The problem is strategic and conceptual. What are the boundaries that we, the majority of citizens, seek for the State we live in? Which boundaries would serve Sri Lanka’s interest best? Clearly, it should be a sState with borders identical with our natural geographic boundaries, i.e., the totality of this island and its waters.
We could sustain a State with natural borders only if we realise that it is NOT a State organised on or corresponding to the principle of linguistic, ethnolinguistic or ethnoreligious borders. The composition of Ceylon/Sri Lanka is not one in which the ethno-lingual or ethnoreligious majority community in the country is a majority across, i.e., in every Province, of the island. Therefore, the entirety of the island cannot be run under a tightly centralised homogenised form of State with an embedded constitutional privilege for the ethnolinguistic and ethnoreligious majority. It is the hegemonistic project of doing so from 1956 and more specifically 1972 that triggered the Thirty Years War of secession.
An island with Sri Lanka’s geographic location cannot afford a system which will give the North and East the powers of a federal State. Separated only a narrow strip of water from Tamil Nadu, and with Tamil Nadu closer to Jaffna than is Colombo, federalism will facilitate separation with the island’s North joining South India, which in turn will tilt the geopolitical and economic balance on the island as a whole.
If the other provinces too enjoyed federal powers, the island would be ungovernable and fragment politically.
The directly, nationally elected Executive Presidency remains vital as an overarching power representing the whole country, which can contain and control the Chief Ministers and Provincial Councils within a unitary framework. Parliament, an assembly of representatives with local bases, and vulnerable to coalitions with extremist components, cannot do it.

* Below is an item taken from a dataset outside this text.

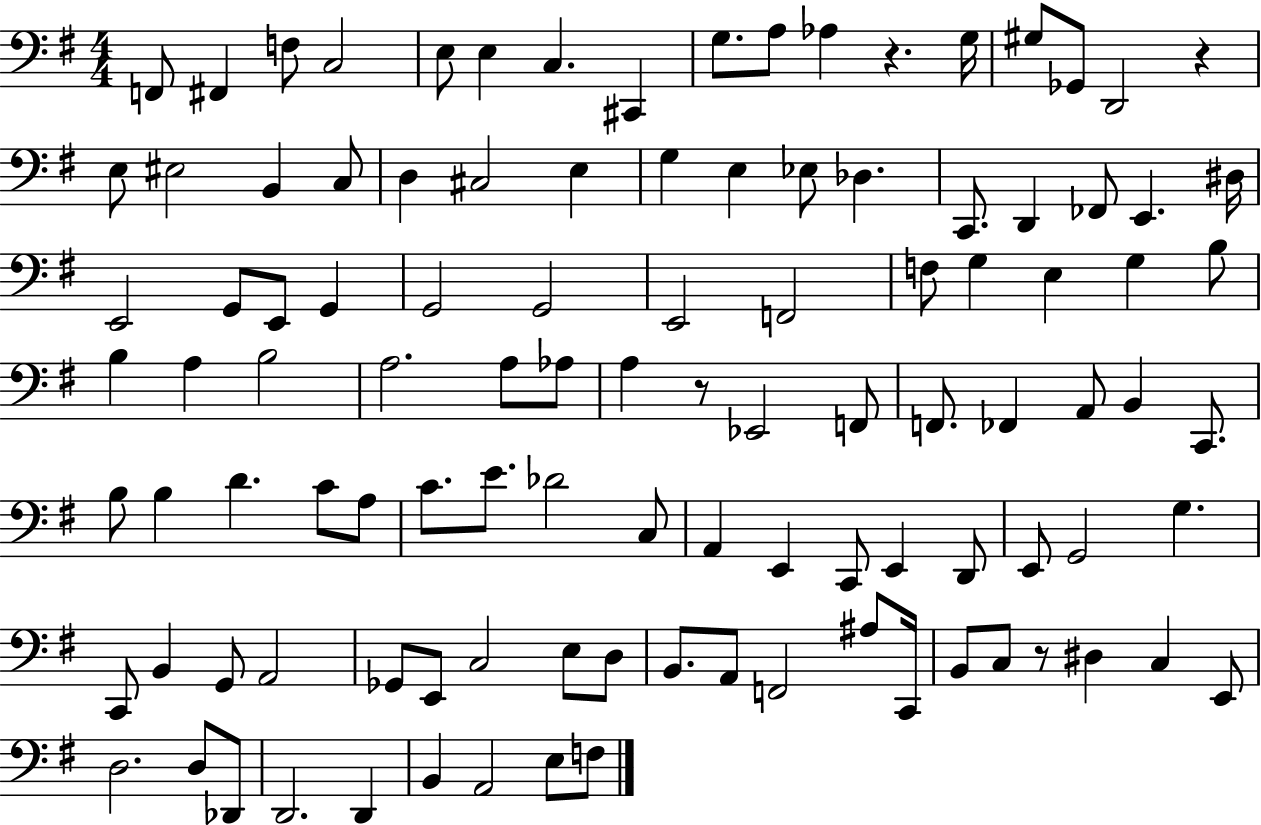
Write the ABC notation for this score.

Just as geopolitics must forestall Sri Lanka’s conversion to federalism because of the proximity of Tamil Nadu, the island’s demography prevents a centralised unitary State sustainably covering its natural borders, because the North and East do not have a majority which speaks the same language as the island’s majority community.
The only way of keeping the borders of the Sri Lankan State defensibly co-extensive with its natural borders is to resist federalism while having a devolved, decentralised unitary State form. That is the defensive superstructure of ‘trenches’ (Gramsci) the 13th Amendment and Provincial Councils provides/provided.
Conformist left intelligentsia
In contradistinction to Prof. Kumari Jayawardena, doyenne of the left intelligentsia who took an independent, tough-minded, critical stance from the early-1970s onwards towards the United Front Government’s rightist and authoritarian turn, today’s NPP-sympathising academics are compliant, although:
1. The Government is adhering to the formula of conservative-neoliberal Ranil Wickremesinghe whose 2017 legislation gridlocked PC elections.
2. The JVP-NPP is deep-freezing the only structural-reformist solution Sri Lanka implemented for the National/Nationalities Question.
3. A basic tenet of the political thought of Marx and Lenin is that the first strategic aim is that of political democracy, against political absolutism. The political struggle for democracy opens the road to battles for socioeconomic emancipation. This Government has shrunk the zone of basic political democracy—the exercise of universal franchise.
With such a conformist contemporary left intelligentsia, no wonder the growing social backlash is ideologically rightwards—be it the neoliberal centre-right or neo-nationalist-populist right.